Concern about pulling it together

But progress has been slow. The Cornerstone Group hasn’t broken ground, and Hensley says that he’s in the “telling-people-it’s-a-good-idea stage” of the innovation park. Gilyard is concerned about pulling the whole thing together. The neighborhood wants 4th to be more than a collection of random buildings but a neighborhood. Creating a distinctive look and connectedness from scratch with a batch of different developers won’t be easy. “We’re afraid that development won’t look all that much different than what we have now,” said Gilyard. 
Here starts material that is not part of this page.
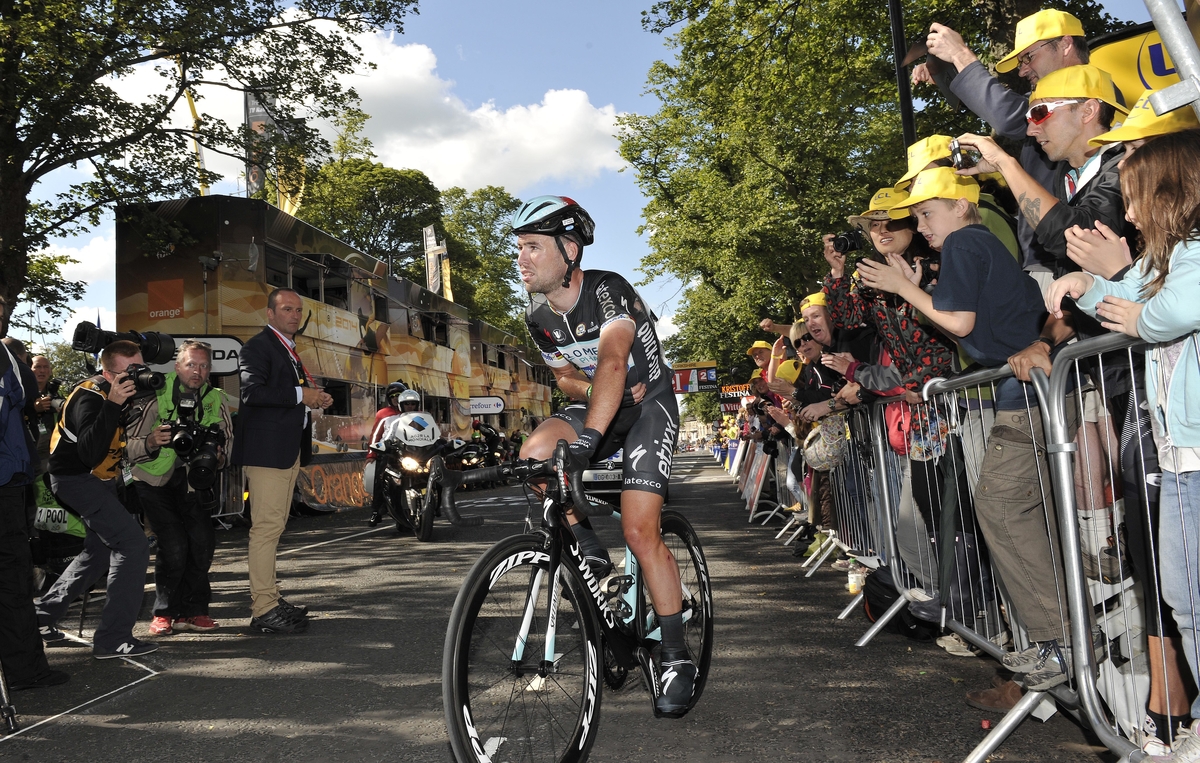 Mark Cavendish, crash, Tour de France, stage one, Harrogate, pic: Simon Wilkinson/SWpix.com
MinnPost photo by Marlys Harris
The current state of 4th Street.

Penalosa, who delivered chats both before and after the field trip, is an engaging speaker with a Colombian accent. (He hails from Bogota, where he was parks commissioner.) He didn’t, however, provide much commentary on the Prospect Park plan. Instead, he tried to bring some inspiration to the group. “You have a magnificent opportunity here,” he said. But there should have been more of a sense of urgency about developing the area when the Green Line was announced. Citizens must step up now and push for what they want.  

As far as his city-planning advice goes, well, his main themes are familiar ones: Walking, biking and mass transit are good, cars not so much. For starters, cars are very expensive; the typical two-car family spends about 25 percent of its income on fueling and maintaining its cars. If family members could use mass transit, bikes and feet, they would save thousands a year, which they could spend in the local economy. (Of course, they are spending it in the local economy now — on gas, tires and insurance.)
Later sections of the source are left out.